# How to Code Linear Regression from Scratch in Python

## Using only NumPy

13 min readMar 19

--

## What is Linear Regression? Why is it Important?

Linear regression is a common data science and machine learning technique for predicting numerical outcomes based on input features.

It’s foundational and has many real-world applications, from forecasting sales revenue to predicting housing prices. The basic idea behind linear regression is to fit a line to a set of data points that best captures the relationship between the input features and the target variable. We’re trying to find the line that gives us the smallest error between our predicted and actual values. This minimizes a cost function, usually the mean squared error.

In this blog post, you’ll implement linear regression from scratch using the Python NumPy library.

We’ll walk through everything from loading and prepping the data to defining the linear regression model, setting up the cost function and gradient descent algorithm, to evaluating the model’s performance. By the end of this post, you’ll have a solid grasp of how linear regression works and be ready to apply it to your data sets.

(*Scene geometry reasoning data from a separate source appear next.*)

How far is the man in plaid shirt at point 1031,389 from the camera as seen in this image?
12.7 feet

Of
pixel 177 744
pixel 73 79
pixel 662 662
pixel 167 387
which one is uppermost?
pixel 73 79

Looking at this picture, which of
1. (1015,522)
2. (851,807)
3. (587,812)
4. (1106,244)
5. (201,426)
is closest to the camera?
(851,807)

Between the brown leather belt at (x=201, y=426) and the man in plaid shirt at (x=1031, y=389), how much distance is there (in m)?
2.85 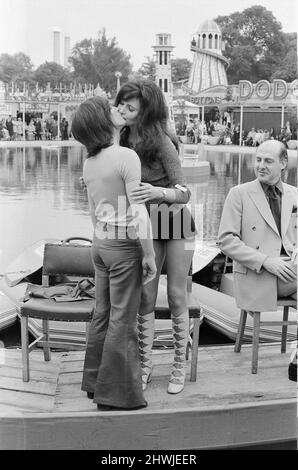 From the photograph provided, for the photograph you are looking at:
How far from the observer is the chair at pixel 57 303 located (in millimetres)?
2862

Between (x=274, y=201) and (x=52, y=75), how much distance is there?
36.6 metres

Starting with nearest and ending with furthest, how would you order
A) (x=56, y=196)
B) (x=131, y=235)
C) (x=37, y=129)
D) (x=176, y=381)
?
(x=131, y=235), (x=176, y=381), (x=56, y=196), (x=37, y=129)

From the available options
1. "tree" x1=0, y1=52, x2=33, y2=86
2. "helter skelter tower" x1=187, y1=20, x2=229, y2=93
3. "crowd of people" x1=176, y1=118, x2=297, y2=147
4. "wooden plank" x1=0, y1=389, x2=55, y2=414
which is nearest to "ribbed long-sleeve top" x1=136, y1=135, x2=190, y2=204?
"wooden plank" x1=0, y1=389, x2=55, y2=414

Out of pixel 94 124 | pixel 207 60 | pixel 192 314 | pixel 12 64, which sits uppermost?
pixel 207 60

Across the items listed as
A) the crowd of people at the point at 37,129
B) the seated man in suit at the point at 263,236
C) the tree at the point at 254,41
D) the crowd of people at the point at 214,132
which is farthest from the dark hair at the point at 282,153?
the crowd of people at the point at 37,129

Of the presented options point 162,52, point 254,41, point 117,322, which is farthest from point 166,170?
point 254,41

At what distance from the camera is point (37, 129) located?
29.5m

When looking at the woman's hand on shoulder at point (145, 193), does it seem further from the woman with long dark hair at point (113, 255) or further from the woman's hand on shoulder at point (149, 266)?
the woman's hand on shoulder at point (149, 266)

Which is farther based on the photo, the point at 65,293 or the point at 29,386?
the point at 65,293

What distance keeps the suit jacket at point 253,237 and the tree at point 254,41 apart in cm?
963

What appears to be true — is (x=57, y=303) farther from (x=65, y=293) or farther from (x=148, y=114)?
(x=148, y=114)

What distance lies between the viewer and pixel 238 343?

## A Brief Overview of how Linear Regression Works

Before jumping into code, you need to understand how linear regression works. In a nutshell: linear regression aims to find the line that best fits the data. The line is represented this a linear equation:

y = mx + b

where:

y is the target variable (the one we want to predict)

x is the input feature

m is the slope of the line

b is the intercept

In a more generalized form, we can represent the linear equation as follows:

y = b0 + b1x1 + b2x2 + … + bnxn

Where:

• y is still the target variable

• x1, x2, …, xn are the input features

• b0 is the bias term (also known as the intercept or constant)

• b1, b2, …, bn are the coefficients that we want to learn

The goal of linear regression is to find the values for b0, b1, b2, …, bn that minimize the difference between the predicted values and the actual values.

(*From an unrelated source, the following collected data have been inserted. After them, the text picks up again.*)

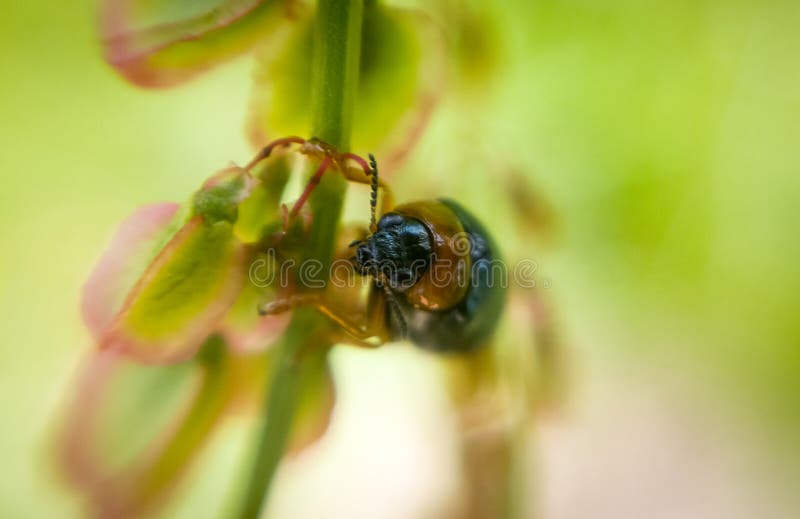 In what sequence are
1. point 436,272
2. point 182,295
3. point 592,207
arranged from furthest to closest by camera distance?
1. point 592,207
2. point 436,272
3. point 182,295

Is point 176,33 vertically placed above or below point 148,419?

By representing the equation like this, you can now use matrix notation.

You can stack all the input features in a matrix X, where each row is an observation, and add a column of ones for the bias term. You can also stack all the target variables in a vector y.

The equation then becomes:

y = Xb

Where:

• y is a column vector of size (m, 1) (where m is the number of observations)

X is a matrix of size (m, n+1) (where n is the number of input features)

b is a column vector of size (n+1, 1) (which contains the bias term and coefficients)

This matrix notation is important because it allows you to easily perform linear regression on multiple input features.

In the next section, you’ll learn how to calculate the cost function and use the gradient descent algorithm to optimize the values of b.

## The Cost Function and Gradient Descent

The cost function is used in linear regression to measure the difference between predicted and actual values.

The most common cost function used in linear regression is the mean squared error (MSE). MSE calculates the average of the squared differences between the predicted and actual values for each observation in the data set. This gives you an overall measure of how well your model is performing.

The MSE formula is:

MSE = (1/m) * Σ(yi — yhat)²

Where:

• yhat is the predicted value for a given observation

yi is the actual value,

• m is the total number of observations in the data set.

The goal of linear regression is to minimize the MSE by finding the values of the coefficients that give the lowest possible value for the MSE.

This is where gradient descent comes in.

## Gradient Descent

Gradient descent is an iterative optimization algorithm that minimizes the cost function in linear regression.

The basic idea is to update the values of the coefficients in each iteration until the cost function is minimized. The algorithm works by calculating the gradient (the partial derivative) of the cost function for each coefficient and then updating the values of the coefficients by subtracting the gradient times the learning rate.

The learning rate is a hyperparameter that determines how much the coefficients should be updated in each iteration.

The key parameters in gradient descent are the learning rate, the number of iterations, and the stopping conditions. The learning rate determines the step size of the gradient descent algorithm. A small learning rate may cause the algorithm to converge slowly. In contrast, a large learning rate may cause the algorithm to overshoot the minimum and diverge.

Choosing an appropriate learning rate that balances convergence speed and stability is important.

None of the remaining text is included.